Exercise details: Go through the records below and return each line that has "Unit" in it.

[[ Working data, beginning ]]

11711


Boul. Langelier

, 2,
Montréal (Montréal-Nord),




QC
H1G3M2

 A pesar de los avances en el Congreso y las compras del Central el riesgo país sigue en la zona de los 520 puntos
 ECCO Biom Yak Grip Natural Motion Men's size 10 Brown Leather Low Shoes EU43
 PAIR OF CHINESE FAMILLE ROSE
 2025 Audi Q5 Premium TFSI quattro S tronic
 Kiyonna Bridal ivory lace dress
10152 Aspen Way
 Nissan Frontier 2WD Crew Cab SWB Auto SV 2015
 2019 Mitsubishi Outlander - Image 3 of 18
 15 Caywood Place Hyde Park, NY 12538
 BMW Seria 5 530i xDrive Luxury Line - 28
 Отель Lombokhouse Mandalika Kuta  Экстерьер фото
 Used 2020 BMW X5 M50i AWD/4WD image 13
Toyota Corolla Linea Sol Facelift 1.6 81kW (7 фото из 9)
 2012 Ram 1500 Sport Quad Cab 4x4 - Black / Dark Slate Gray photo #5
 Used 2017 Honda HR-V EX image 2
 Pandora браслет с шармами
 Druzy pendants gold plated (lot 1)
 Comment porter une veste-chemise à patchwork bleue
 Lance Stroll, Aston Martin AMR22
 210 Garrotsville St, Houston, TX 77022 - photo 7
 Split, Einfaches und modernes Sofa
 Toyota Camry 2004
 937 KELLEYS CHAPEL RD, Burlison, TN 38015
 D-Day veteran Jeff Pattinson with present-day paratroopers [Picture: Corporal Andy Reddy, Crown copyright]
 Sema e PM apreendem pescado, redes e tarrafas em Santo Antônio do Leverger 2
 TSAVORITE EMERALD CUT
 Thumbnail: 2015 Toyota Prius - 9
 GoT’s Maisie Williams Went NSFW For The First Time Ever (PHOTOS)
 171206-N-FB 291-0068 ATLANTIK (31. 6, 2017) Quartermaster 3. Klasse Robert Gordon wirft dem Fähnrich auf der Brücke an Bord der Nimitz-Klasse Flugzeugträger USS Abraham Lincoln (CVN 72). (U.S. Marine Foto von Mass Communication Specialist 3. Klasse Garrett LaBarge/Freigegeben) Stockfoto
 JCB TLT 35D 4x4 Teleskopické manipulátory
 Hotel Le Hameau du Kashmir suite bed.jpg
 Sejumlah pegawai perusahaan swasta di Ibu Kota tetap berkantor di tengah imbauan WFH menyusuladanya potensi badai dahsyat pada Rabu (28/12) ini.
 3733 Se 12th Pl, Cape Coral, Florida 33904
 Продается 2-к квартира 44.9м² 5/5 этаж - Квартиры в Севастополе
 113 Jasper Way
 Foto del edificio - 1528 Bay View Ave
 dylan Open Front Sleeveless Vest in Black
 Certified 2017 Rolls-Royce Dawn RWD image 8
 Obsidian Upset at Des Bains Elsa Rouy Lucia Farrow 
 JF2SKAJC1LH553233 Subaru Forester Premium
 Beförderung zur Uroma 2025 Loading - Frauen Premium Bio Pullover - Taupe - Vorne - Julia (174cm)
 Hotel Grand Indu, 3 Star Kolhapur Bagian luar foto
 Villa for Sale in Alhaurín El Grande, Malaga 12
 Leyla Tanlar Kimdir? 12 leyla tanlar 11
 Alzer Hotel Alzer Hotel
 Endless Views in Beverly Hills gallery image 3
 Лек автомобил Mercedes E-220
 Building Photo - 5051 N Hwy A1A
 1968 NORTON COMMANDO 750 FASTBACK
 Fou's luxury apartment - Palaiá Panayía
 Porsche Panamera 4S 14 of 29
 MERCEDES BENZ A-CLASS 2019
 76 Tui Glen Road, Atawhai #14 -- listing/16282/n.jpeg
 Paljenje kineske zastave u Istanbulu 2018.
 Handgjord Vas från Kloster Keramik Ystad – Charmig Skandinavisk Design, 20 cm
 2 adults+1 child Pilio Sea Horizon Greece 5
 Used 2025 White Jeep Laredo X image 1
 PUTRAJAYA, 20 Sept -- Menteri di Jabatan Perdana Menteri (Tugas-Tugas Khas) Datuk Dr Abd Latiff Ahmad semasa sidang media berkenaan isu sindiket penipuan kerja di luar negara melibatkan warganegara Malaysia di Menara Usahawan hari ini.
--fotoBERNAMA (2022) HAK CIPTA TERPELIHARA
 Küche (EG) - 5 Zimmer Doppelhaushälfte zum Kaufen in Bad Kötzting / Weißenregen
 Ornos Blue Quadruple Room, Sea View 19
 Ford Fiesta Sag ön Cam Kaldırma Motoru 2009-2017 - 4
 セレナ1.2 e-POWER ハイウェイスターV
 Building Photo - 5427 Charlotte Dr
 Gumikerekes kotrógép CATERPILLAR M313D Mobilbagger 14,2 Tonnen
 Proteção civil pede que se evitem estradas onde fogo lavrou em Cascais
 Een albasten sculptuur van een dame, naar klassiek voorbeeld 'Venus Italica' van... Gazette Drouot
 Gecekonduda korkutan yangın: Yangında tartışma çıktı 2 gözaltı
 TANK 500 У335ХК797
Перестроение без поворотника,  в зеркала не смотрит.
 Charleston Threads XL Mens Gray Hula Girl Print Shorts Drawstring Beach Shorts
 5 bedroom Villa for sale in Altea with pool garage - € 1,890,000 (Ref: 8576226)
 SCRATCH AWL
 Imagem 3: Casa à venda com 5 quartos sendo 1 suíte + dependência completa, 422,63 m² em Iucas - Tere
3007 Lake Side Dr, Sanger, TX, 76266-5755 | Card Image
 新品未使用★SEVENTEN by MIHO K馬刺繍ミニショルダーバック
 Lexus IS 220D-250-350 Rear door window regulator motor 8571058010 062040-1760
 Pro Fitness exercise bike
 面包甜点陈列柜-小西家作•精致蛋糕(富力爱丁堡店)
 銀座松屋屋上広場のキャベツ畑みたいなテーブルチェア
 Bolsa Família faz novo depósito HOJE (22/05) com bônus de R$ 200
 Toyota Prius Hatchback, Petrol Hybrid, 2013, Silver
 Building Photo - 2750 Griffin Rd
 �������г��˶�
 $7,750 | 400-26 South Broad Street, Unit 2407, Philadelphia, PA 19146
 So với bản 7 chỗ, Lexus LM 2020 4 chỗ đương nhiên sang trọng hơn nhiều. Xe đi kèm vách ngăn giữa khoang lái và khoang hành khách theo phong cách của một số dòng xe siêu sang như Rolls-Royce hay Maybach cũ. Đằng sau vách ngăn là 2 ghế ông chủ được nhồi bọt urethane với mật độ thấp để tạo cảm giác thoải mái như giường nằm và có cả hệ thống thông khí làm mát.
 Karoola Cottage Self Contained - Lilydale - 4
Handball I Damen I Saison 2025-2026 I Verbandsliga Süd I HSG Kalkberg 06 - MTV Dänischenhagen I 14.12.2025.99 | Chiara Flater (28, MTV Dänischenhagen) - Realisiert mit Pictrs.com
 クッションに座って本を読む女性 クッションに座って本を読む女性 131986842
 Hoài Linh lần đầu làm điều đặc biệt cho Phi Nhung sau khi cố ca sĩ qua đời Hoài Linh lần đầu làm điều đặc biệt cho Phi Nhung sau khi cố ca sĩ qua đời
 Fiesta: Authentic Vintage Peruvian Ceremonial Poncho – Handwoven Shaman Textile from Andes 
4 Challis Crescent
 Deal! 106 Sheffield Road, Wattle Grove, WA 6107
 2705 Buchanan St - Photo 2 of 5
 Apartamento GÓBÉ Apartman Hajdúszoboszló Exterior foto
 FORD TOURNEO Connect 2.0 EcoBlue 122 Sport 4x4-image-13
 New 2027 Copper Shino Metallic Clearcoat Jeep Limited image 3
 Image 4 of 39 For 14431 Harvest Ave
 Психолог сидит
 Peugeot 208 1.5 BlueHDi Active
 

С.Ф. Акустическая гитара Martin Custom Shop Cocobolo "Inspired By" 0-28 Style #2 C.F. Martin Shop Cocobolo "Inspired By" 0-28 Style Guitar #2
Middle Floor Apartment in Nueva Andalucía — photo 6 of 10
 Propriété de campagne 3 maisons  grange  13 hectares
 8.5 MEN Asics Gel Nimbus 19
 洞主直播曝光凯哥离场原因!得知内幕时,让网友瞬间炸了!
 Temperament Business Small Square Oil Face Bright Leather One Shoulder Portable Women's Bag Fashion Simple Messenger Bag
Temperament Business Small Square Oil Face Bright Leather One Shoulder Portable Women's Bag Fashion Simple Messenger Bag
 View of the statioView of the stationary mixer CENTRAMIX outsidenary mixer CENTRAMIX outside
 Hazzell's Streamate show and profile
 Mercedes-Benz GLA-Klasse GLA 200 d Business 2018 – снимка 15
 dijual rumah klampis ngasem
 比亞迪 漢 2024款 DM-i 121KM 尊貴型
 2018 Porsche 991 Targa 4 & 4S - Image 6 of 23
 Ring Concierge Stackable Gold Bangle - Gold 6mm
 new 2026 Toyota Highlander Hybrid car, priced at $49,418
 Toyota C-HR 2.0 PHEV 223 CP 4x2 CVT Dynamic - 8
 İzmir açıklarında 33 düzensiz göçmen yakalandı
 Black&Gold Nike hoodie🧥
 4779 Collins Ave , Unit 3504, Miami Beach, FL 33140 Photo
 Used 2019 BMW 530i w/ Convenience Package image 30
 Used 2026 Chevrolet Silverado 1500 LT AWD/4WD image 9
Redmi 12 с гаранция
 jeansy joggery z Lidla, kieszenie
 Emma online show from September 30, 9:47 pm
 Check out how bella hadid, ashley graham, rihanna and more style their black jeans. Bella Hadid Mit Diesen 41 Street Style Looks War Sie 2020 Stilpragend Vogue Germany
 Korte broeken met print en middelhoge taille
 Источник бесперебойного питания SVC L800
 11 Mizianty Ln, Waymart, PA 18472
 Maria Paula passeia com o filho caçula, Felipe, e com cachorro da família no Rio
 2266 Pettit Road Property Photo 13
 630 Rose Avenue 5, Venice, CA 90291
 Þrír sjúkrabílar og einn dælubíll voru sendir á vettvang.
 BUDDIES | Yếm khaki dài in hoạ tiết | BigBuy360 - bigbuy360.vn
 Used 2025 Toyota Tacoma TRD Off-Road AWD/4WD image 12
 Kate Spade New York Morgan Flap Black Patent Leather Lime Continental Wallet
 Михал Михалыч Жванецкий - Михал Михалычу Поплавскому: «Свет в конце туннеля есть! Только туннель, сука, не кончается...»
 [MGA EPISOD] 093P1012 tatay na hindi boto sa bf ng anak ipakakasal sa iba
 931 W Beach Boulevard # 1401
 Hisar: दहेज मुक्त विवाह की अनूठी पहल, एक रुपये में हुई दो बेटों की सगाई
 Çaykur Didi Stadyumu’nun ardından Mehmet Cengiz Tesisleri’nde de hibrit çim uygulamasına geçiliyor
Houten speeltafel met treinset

[[ Working data, end ]]

Answer below:
 $7,750 | 400-26 South Broad Street, Unit 2407, Philadelphia, PA 19146
 4779 Collins Ave , Unit 3504, Miami Beach, FL 33140 Photo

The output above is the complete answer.